Social media is already filling with farewell sandwich pics and memories of Sunday-gravy runs.
After four decades, Bensonhurst is about to feel a little less pork-perfumed.
Longtime staffers say the move ends a generational chapter of neighborhood butchery.
No successor has been announced, leaving the future of the well-seasoned space uncertain.
Kings Co Imperial Turns Ten with “Dishes of a Decade”

Get ready for unique tasting experiences from June 18-Sept. 30th
Kings Co Imperial hits double digits this summer and is throwing a city-wide potluck to celebrate.
The Williamsburg and Lower East Side kitchens launch “Dishes of a Decade” on June 18, running through September 30.
Every two weeks a different NYC heavyweight takes over, starting with JJ Johnson’s jerk-duck fried rice and Rubirosa’s scallion-pancake pizzas.
Later slots include George Motz turning smashburgers into dumplings and Emily Yuen ladling bone-in tonkatsu over Hong Kong curry.
Co-owner Josh Grinker says the series honors mentors and neighbors who fueled the restaurant’s 2015-2025 journey.
Specials drop for only fourteen days before the next chef steps in, so mark calendars and pace your dumpling intake.
Field Guide Plants Roots in Williamsburg

235 Kent Ave, Brooklyn, NY 11249
Field Guide has quietly transformed a former Chinese storefront on Kent Avenue into a moody homage to the upstate landscapes that shaped chef Tim Meyers.
Mammoth design studio layered wood planks, Shaker chairs, and slate-gray walls—think Andrew Wyeth in Brooklyn.
The menu leans equally rustic, threading Mediterranean touches through New York produce in dishes that already caught Michelin’s eye this spring.

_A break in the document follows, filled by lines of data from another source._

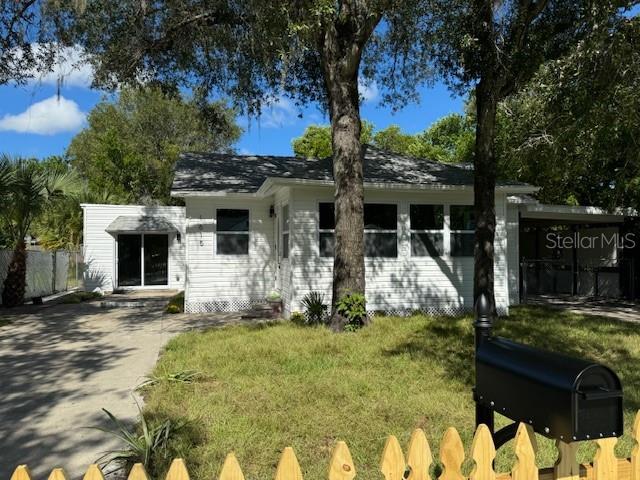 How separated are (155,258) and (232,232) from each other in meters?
6.88

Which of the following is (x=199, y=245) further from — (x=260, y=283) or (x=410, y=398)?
(x=410, y=398)

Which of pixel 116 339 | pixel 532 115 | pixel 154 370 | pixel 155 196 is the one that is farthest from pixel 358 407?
pixel 155 196

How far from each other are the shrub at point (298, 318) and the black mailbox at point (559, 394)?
→ 8364mm

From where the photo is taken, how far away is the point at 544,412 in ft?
6.65

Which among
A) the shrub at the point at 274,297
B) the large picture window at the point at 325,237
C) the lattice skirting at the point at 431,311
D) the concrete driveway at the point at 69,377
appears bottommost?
the concrete driveway at the point at 69,377

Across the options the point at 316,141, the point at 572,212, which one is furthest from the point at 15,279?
the point at 316,141

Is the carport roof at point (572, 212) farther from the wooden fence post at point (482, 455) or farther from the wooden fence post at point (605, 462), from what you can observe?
the wooden fence post at point (482, 455)

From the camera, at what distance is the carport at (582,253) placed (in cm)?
1519

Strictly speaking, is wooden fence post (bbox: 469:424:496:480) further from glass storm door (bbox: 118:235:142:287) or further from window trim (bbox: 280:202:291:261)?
glass storm door (bbox: 118:235:142:287)

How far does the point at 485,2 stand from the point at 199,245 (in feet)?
27.6

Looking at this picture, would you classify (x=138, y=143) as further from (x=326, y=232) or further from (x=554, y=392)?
(x=554, y=392)

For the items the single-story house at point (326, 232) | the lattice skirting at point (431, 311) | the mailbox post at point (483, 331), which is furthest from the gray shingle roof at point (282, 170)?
the mailbox post at point (483, 331)

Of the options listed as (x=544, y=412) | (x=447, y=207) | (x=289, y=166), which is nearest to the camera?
(x=544, y=412)

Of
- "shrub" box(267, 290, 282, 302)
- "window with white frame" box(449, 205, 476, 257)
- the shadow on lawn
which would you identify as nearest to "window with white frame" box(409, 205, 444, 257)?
"window with white frame" box(449, 205, 476, 257)
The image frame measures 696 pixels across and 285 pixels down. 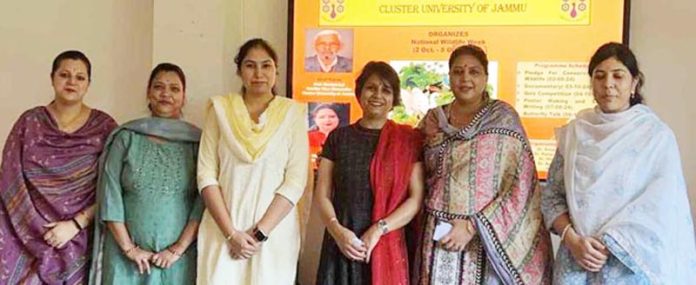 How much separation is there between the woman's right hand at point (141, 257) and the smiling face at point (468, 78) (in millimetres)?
1208

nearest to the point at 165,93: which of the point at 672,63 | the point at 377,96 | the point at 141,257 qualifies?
the point at 141,257

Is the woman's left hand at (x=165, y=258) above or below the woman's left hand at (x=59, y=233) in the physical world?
below

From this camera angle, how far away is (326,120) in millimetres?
2918

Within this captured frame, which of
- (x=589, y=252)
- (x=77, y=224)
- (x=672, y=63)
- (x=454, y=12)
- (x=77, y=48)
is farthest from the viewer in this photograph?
(x=77, y=48)

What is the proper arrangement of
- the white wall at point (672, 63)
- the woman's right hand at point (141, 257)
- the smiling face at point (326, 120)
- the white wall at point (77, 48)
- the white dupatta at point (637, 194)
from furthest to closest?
the white wall at point (77, 48), the smiling face at point (326, 120), the white wall at point (672, 63), the woman's right hand at point (141, 257), the white dupatta at point (637, 194)

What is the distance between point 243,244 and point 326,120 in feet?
3.04

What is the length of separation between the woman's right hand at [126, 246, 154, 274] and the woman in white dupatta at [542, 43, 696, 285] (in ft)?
4.52

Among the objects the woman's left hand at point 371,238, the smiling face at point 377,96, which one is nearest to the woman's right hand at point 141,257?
the woman's left hand at point 371,238

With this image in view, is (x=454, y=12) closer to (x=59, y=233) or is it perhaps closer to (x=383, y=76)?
(x=383, y=76)

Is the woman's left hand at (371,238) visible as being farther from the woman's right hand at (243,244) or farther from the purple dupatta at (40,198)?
the purple dupatta at (40,198)

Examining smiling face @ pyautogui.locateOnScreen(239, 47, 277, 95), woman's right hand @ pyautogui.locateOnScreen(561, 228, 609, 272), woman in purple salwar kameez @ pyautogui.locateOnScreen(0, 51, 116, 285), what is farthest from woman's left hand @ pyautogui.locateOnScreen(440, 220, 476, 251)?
woman in purple salwar kameez @ pyautogui.locateOnScreen(0, 51, 116, 285)

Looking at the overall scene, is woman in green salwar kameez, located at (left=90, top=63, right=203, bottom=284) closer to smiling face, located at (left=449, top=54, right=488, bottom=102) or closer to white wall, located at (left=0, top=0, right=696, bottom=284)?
white wall, located at (left=0, top=0, right=696, bottom=284)

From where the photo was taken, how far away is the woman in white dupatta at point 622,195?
6.07 ft

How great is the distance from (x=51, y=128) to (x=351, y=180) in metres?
1.09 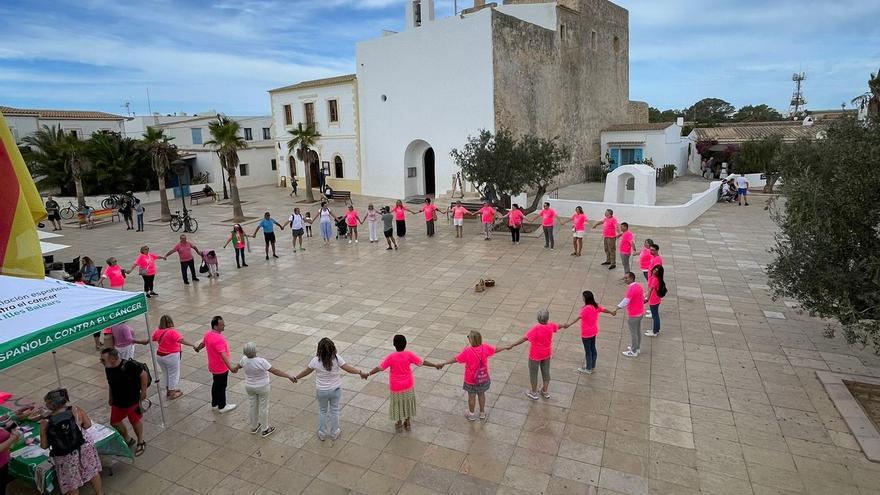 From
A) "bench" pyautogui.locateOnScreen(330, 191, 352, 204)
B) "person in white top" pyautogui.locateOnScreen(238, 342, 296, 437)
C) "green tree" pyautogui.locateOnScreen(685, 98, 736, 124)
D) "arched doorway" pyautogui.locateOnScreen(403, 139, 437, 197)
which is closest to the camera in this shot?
"person in white top" pyautogui.locateOnScreen(238, 342, 296, 437)

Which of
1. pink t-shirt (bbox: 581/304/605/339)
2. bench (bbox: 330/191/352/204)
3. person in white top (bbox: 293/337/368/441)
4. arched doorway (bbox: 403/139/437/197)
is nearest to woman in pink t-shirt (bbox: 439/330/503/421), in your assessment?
person in white top (bbox: 293/337/368/441)

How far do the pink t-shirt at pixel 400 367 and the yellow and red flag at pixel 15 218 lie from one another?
409 centimetres

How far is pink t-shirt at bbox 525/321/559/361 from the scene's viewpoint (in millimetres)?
6969

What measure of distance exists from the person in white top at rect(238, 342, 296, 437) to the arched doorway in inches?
888

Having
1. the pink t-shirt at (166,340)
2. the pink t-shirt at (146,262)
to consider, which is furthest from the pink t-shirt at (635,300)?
the pink t-shirt at (146,262)

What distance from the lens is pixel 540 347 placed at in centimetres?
701

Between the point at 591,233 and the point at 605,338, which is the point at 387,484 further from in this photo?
the point at 591,233

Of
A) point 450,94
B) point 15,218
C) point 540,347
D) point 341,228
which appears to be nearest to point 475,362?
point 540,347

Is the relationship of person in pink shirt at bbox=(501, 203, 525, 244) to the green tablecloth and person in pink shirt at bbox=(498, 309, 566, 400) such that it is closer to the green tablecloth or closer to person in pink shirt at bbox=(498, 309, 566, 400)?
person in pink shirt at bbox=(498, 309, 566, 400)

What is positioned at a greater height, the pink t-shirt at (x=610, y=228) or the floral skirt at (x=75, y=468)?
the pink t-shirt at (x=610, y=228)

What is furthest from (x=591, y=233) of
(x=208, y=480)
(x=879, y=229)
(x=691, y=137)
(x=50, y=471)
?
(x=691, y=137)

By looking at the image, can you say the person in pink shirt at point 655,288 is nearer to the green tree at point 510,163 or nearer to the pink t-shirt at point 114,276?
the green tree at point 510,163

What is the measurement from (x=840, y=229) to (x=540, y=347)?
387 cm

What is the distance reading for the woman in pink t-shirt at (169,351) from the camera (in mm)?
7289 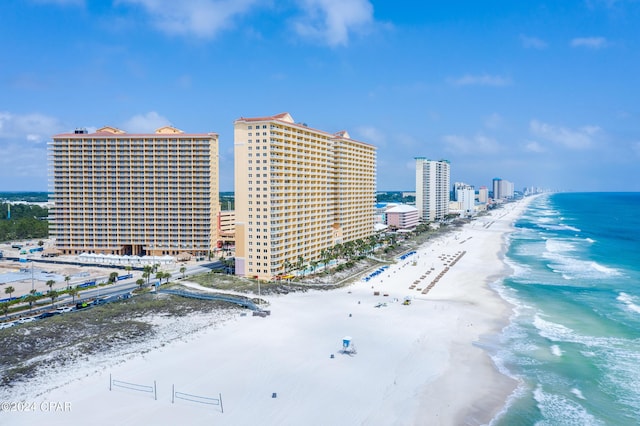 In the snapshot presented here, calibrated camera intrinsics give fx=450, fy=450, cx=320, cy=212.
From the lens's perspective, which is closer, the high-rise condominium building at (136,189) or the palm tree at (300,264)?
the palm tree at (300,264)

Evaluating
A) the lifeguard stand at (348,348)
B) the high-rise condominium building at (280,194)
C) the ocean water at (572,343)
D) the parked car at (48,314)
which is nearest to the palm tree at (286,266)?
the high-rise condominium building at (280,194)

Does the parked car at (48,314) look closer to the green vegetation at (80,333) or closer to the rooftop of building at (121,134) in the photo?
the green vegetation at (80,333)

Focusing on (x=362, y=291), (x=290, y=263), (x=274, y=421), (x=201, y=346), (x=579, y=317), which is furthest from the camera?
(x=290, y=263)

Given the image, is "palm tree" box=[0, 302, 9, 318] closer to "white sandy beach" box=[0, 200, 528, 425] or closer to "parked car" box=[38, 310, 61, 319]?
"parked car" box=[38, 310, 61, 319]

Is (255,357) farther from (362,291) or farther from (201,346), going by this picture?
(362,291)

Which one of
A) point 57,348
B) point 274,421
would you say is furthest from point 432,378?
point 57,348

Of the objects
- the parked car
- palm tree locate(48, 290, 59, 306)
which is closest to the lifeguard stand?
the parked car

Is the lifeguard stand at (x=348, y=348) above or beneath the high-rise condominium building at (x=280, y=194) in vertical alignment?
beneath

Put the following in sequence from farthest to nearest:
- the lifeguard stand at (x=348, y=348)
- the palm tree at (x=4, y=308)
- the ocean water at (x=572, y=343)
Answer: the palm tree at (x=4, y=308) → the lifeguard stand at (x=348, y=348) → the ocean water at (x=572, y=343) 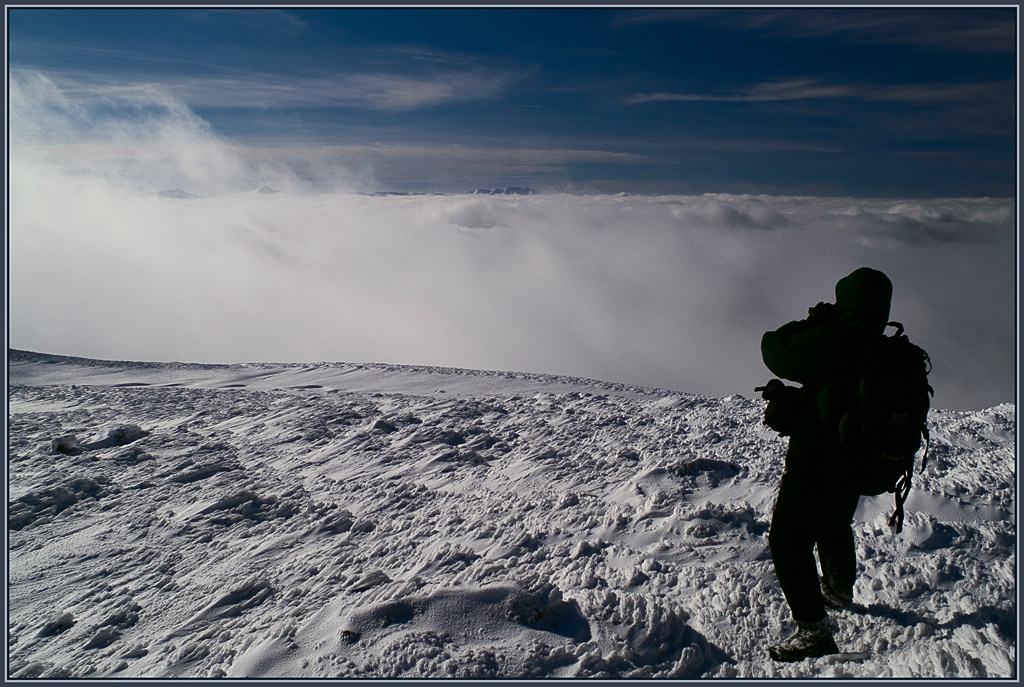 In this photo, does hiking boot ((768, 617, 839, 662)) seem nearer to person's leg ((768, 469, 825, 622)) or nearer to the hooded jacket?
person's leg ((768, 469, 825, 622))

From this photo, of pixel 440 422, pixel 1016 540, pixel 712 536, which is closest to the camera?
pixel 1016 540

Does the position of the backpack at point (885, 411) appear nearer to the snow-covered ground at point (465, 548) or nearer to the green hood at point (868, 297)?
the green hood at point (868, 297)

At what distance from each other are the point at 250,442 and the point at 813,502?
15.9ft

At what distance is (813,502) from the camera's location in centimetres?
273

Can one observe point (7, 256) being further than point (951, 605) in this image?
Yes

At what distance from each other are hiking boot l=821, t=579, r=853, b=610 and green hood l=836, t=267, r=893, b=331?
1273 millimetres

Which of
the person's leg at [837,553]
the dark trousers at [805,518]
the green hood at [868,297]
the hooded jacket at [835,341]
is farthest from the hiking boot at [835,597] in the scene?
the green hood at [868,297]

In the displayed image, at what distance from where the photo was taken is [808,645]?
273 cm

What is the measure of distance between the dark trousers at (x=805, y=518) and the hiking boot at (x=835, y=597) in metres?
0.28

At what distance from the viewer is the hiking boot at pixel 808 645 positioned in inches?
107

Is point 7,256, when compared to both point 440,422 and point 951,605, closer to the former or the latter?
point 440,422

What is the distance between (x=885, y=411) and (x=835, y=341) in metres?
0.30

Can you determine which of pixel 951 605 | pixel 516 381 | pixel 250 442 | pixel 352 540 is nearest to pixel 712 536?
pixel 951 605

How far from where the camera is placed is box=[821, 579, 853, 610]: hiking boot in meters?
3.01
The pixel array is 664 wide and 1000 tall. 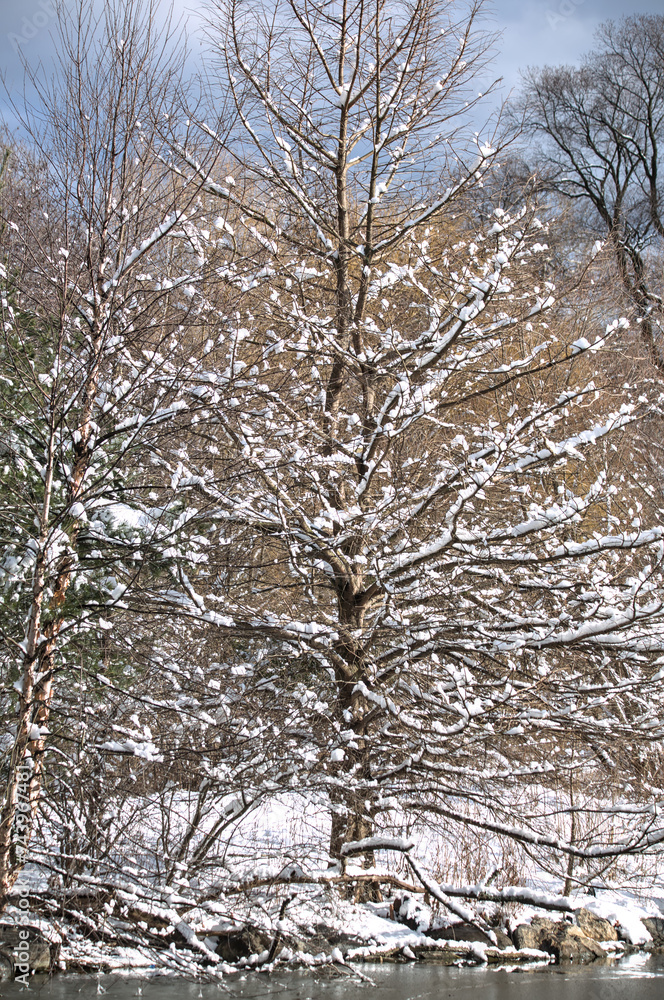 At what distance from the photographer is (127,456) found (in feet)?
16.2

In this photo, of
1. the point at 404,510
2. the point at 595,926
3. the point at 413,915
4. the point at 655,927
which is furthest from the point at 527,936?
the point at 404,510

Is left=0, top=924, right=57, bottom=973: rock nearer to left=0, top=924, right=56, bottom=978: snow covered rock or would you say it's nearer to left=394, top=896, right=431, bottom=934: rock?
left=0, top=924, right=56, bottom=978: snow covered rock

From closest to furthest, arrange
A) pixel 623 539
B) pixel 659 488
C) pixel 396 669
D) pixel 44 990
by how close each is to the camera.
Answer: pixel 44 990
pixel 623 539
pixel 396 669
pixel 659 488

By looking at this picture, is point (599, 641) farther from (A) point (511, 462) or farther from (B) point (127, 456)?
(B) point (127, 456)

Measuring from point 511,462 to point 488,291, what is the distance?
1437 millimetres

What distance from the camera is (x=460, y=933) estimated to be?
248 inches

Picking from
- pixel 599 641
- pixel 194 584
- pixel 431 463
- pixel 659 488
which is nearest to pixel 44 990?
pixel 194 584

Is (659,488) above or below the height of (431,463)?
above

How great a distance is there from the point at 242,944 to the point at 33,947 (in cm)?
149

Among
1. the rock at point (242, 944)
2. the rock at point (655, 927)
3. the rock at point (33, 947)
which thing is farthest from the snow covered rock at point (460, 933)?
the rock at point (33, 947)

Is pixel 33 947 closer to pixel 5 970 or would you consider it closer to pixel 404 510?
pixel 5 970

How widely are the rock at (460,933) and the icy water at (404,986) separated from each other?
1.21ft

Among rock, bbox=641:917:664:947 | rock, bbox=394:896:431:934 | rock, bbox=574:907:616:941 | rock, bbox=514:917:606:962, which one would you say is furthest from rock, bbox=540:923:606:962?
rock, bbox=394:896:431:934

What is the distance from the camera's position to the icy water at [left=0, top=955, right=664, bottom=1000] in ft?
15.8
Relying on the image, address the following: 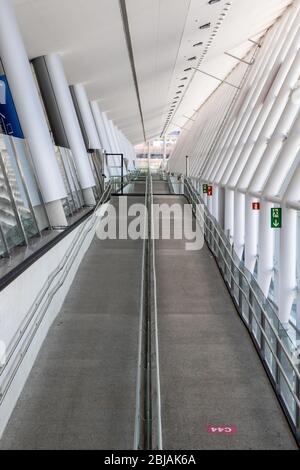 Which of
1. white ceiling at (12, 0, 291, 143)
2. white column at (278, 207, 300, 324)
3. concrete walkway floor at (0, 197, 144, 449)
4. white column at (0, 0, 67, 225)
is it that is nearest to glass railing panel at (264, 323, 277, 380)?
concrete walkway floor at (0, 197, 144, 449)

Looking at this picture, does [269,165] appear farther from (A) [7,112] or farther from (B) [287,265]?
(A) [7,112]

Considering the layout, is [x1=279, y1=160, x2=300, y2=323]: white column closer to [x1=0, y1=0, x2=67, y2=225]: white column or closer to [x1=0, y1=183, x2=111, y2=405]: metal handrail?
[x1=0, y1=183, x2=111, y2=405]: metal handrail

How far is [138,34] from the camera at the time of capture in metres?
18.8

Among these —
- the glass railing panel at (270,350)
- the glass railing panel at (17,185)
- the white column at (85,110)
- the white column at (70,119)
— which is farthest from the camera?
the white column at (85,110)

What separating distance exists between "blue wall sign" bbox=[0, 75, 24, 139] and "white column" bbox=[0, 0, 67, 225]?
0.43 feet

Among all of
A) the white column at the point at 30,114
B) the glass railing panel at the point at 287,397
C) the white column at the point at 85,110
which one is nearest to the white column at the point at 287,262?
the glass railing panel at the point at 287,397

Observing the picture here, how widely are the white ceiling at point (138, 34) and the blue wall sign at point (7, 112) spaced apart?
1841 millimetres

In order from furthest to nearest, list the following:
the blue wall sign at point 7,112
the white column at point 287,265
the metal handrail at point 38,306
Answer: the blue wall sign at point 7,112
the white column at point 287,265
the metal handrail at point 38,306

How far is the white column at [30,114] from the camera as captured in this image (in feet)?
41.9

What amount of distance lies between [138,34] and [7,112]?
710cm

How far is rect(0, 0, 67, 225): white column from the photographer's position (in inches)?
502

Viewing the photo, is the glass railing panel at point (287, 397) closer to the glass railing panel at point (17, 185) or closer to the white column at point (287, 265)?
the white column at point (287, 265)

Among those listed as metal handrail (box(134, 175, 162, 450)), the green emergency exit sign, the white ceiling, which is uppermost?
the white ceiling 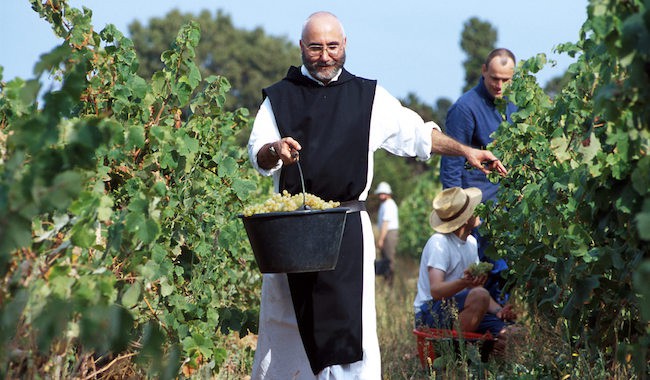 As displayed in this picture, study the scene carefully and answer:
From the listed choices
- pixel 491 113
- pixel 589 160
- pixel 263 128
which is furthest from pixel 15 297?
→ pixel 491 113

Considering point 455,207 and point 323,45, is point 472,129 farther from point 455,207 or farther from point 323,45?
point 323,45

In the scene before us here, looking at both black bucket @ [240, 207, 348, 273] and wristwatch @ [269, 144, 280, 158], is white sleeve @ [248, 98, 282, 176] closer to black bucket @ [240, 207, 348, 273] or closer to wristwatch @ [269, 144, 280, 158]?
wristwatch @ [269, 144, 280, 158]

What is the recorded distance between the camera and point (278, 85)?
495 cm

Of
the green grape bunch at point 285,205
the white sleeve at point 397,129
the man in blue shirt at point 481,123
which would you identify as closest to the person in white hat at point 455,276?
the man in blue shirt at point 481,123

Meyers, whose résumé runs through Eleven Madison Park and Roberta’s, says the goal is “seasonality, craft, and a sense of time.”
Early diners rave about pork-and-pistachio terrine wrapped in fig leaves and a sunflower-crumble filet nestled against chanterelles.
With dinner Wednesday through Sunday and a laid-back Sunday brunch, Williamsburg just gained a new field trip for locavores.